## EXERCISE DESCRIPTION:
Reproduce exactly the line with "Built In Dishwasher-3" and all the lines beneath it, stopping only at the end of the material.

## MATERIAL PROVIDED:
####

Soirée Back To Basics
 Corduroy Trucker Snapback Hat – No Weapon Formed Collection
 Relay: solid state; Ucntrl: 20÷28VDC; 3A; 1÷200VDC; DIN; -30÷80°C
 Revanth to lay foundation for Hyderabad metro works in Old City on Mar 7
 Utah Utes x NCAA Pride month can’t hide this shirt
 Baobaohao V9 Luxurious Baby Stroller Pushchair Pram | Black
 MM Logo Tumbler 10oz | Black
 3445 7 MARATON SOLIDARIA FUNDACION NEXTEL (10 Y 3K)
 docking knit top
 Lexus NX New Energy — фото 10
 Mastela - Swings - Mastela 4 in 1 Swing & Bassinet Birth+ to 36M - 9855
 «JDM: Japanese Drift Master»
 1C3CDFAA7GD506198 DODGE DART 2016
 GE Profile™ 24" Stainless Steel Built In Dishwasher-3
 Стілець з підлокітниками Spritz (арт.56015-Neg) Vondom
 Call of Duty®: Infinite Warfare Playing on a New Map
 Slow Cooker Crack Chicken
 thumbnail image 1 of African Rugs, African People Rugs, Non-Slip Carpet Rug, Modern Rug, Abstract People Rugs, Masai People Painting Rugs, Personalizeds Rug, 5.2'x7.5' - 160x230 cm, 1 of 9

####

## FINISHED EXERCISE:
 GE Profile™ 24" Stainless Steel Built In Dishwasher-3
 Стілець з підлокітниками Spritz (арт.56015-Neg) Vondom
 Call of Duty®: Infinite Warfare Playing on a New Map
 Slow Cooker Crack Chicken
 thumbnail image 1 of African Rugs, African People Rugs, Non-Slip Carpet Rug, Modern Rug, Abstract People Rugs, Masai People Painting Rugs, Personalizeds Rug, 5.2'x7.5' - 160x230 cm, 1 of 9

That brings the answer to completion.